O caminho que te leva até à estação dos comboios é um emaranhado de ruelas secundárias assombradas pelo betão dos prédios de 10 andares que, virados uns contra os outros, assumem o orgulho e a rigidez de peças de xadrez prontas a serem jogadas no início de qualquer partida.
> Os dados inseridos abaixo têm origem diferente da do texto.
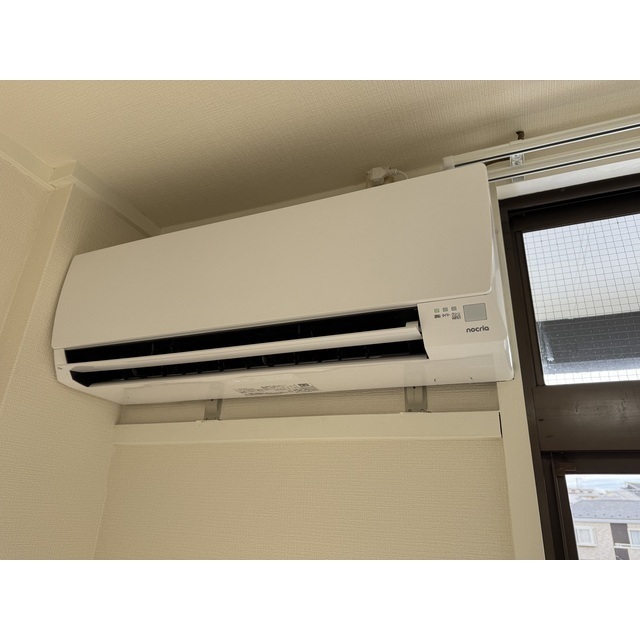 三協コーポ303号室 部屋その他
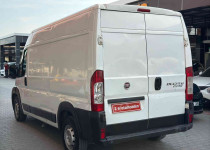 Ç2 DEN 100,000 TL PEŞİNAT İLE 2013 FİAT DUCATO 11,5 M KÜP HATASIZ K.KARTINA 12,AY TAKSİT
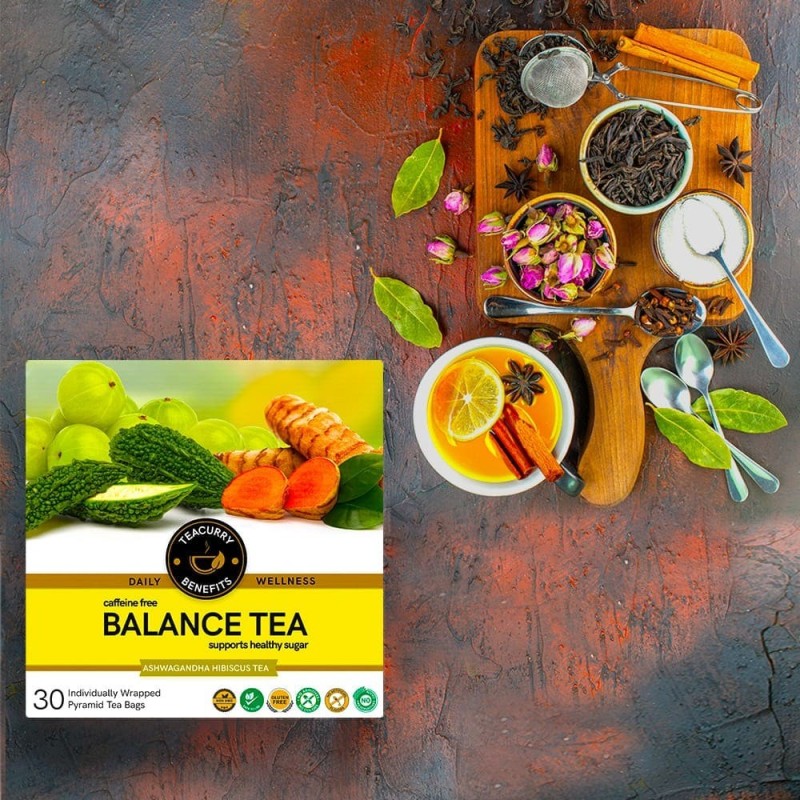 teacurry-diabetes-support-tea-1-month-pack-of-30-teabags-balance-tea-with-diet-chart-to-help-with-sugar-levels-32783-3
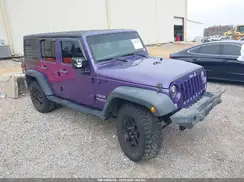 1C4BJWDGXHL626794 2017 JEEP WRANGLER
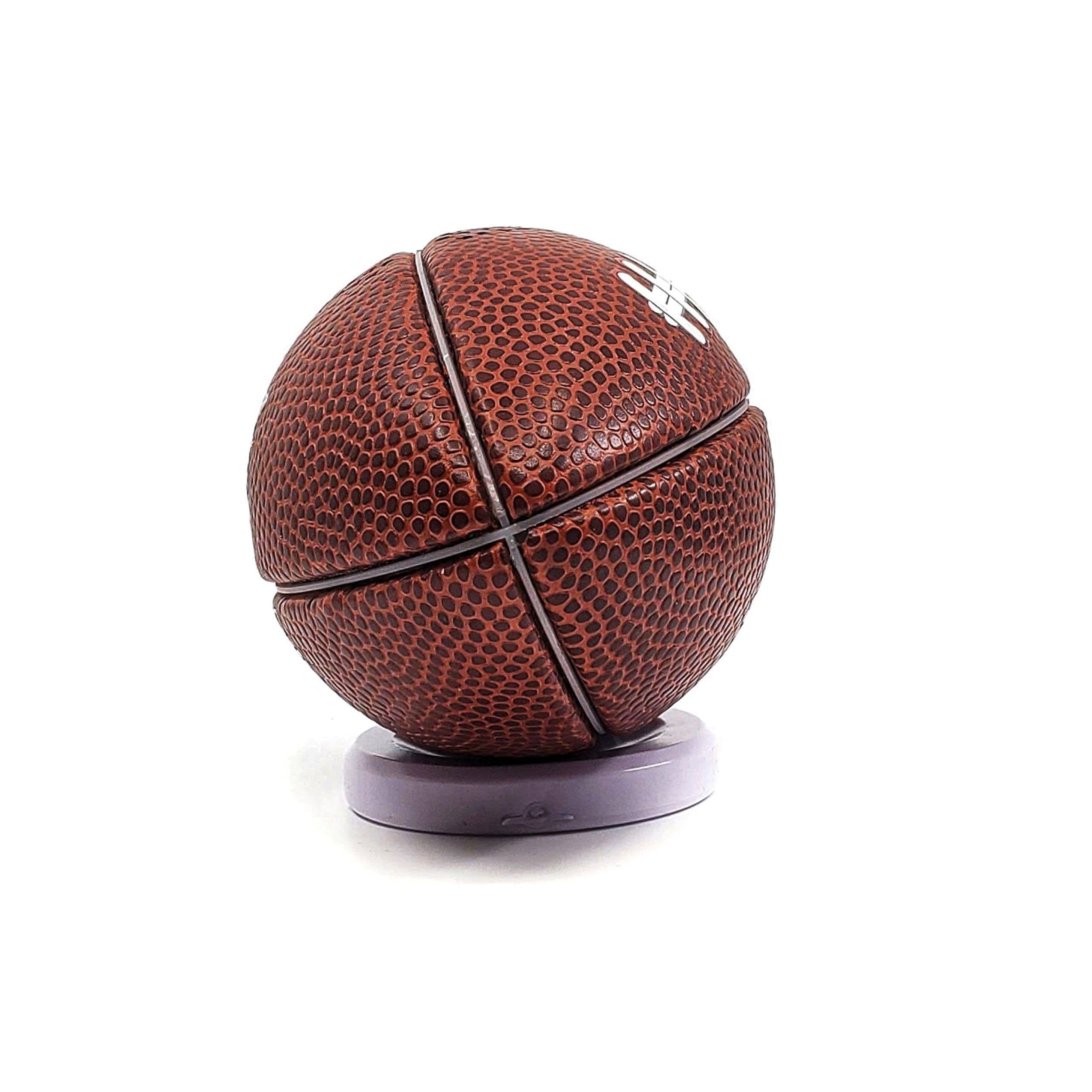 LED Football Bluetooth Speaker B9112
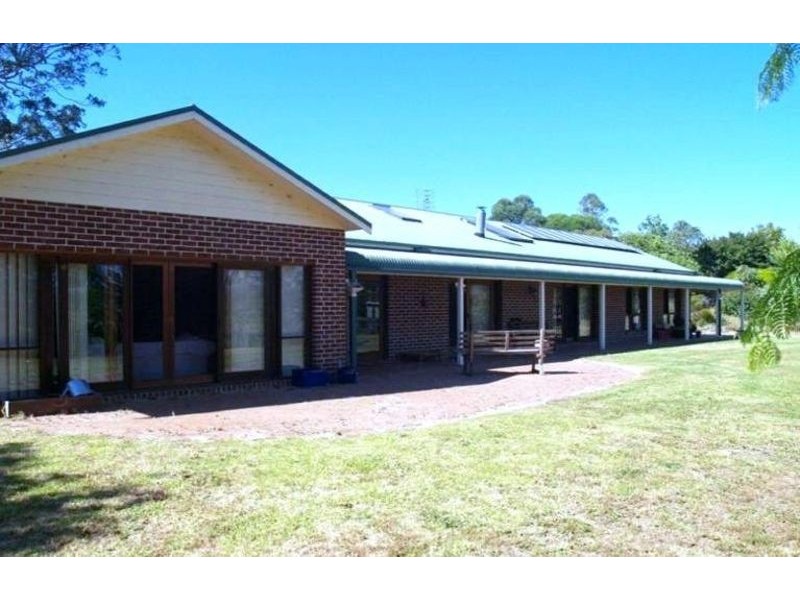 675 Angledale Road, Bega NSW 2550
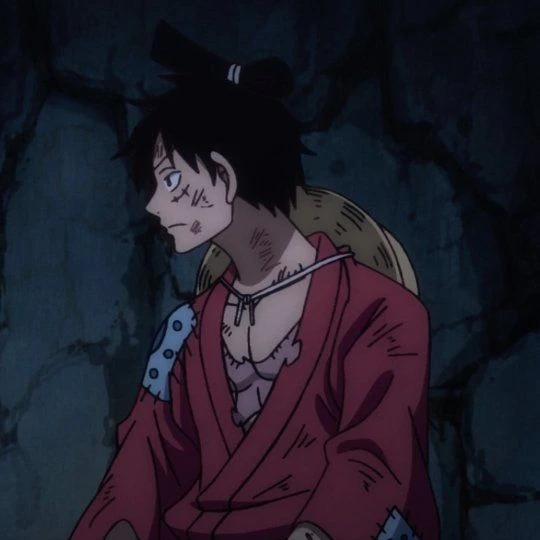 Monkey D. Luffy thumbnail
Fazes o trajecto de 10 minutos em passos curtos e cansados enquanto os teus olhos se colam, com desalento, no alcatrão molhado onde reparas, sem o querer, nos pacotes de maços de tabaco amachucados e nas folhas de jornais gratuitos a voarem como anúncios de verão nas rédeas duma avioneta.
“Portugueses perdem poder de compra”
“Portugueses perdem poder de compra”
Nada do que possas ver por aqui te traz uma recordação de infância ou de felicidade capaz de te confortar nesta manhã de chuva. Nasceste noutro subúrbio, noutro bairro e, desde que te mudaste para a casa que compraste nesta periferia da cidade, deixaste de poder ouvir as vozes dos teus vizinhos a desejarem-te os bons dias e a perguntarem, curiosas, pela tua família. Sabias bem, na altura, os seus nomes, tanto os próprios como os apelidos e todos reclamavam, com alguma vaidade, que andaram contigo ao colo ainda eras tu um bebé.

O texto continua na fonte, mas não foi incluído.